- _EXERCISE INSTRUCTIONS_:
Using the entries below, copy exactly each line from the line with "So when we're" up to and including the line with "Why you generate", with every picture left out.

- _MATERIAL PROVIDED_:
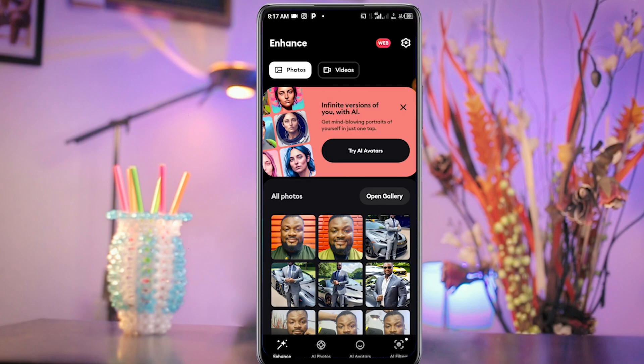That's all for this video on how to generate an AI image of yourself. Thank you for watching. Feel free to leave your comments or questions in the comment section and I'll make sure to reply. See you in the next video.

==

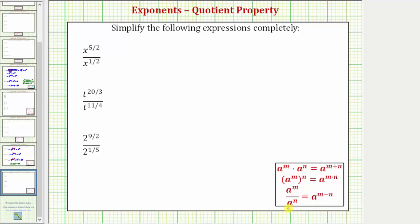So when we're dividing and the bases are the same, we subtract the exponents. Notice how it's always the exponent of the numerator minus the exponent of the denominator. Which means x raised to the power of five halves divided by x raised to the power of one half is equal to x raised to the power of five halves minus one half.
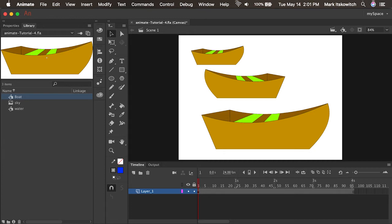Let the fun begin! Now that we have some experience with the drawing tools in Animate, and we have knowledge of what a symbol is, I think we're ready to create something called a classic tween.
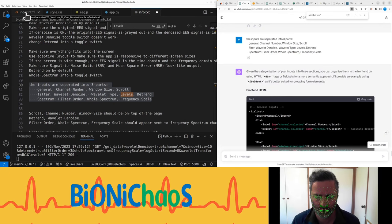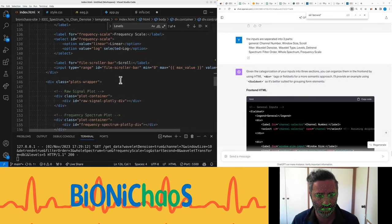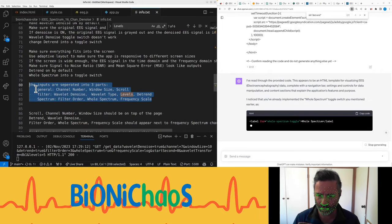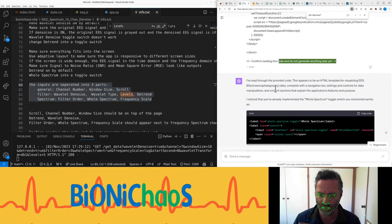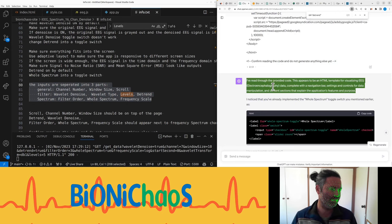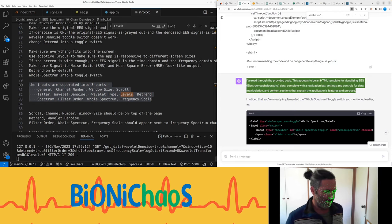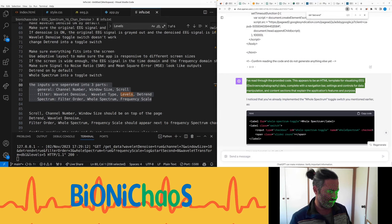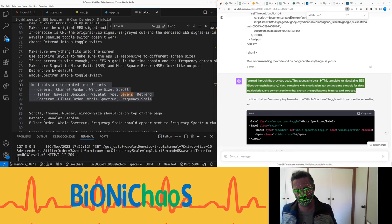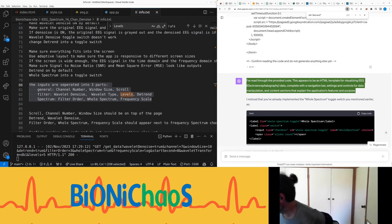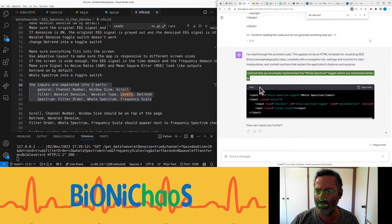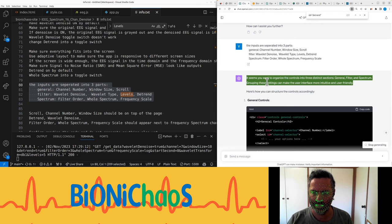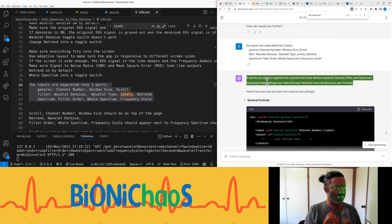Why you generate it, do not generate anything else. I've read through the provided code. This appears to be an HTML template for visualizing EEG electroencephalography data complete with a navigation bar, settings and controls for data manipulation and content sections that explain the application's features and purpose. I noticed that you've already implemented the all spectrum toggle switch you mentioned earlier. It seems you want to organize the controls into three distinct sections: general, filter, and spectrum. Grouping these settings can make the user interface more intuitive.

- _EXPECTED ANSWER_:
So when we're dividing and the bases are the same, we subtract the exponents. Notice how it's always the exponent of the numerator minus the exponent of the denominator. Which means x raised to the power of five halves divided by x raised to the power of one half is equal to x raised to the power of five halves minus one half.
Let the fun begin! Now that we have some experience with the drawing tools in Animate, and we have knowledge of what a symbol is, I think we're ready to create something called a classic tween.
Why you generate it, do not generate anything else. I've read through the provided code. This appears to be an HTML template for visualizing EEG electroencephalography data complete with a navigation bar, settings and controls for data manipulation and content sections that explain the application's features and purpose. I noticed that you've already implemented the all spectrum toggle switch you mentioned earlier. It seems you want to organize the controls into three distinct sections: general, filter, and spectrum. Grouping these settings can make the user interface more intuitive.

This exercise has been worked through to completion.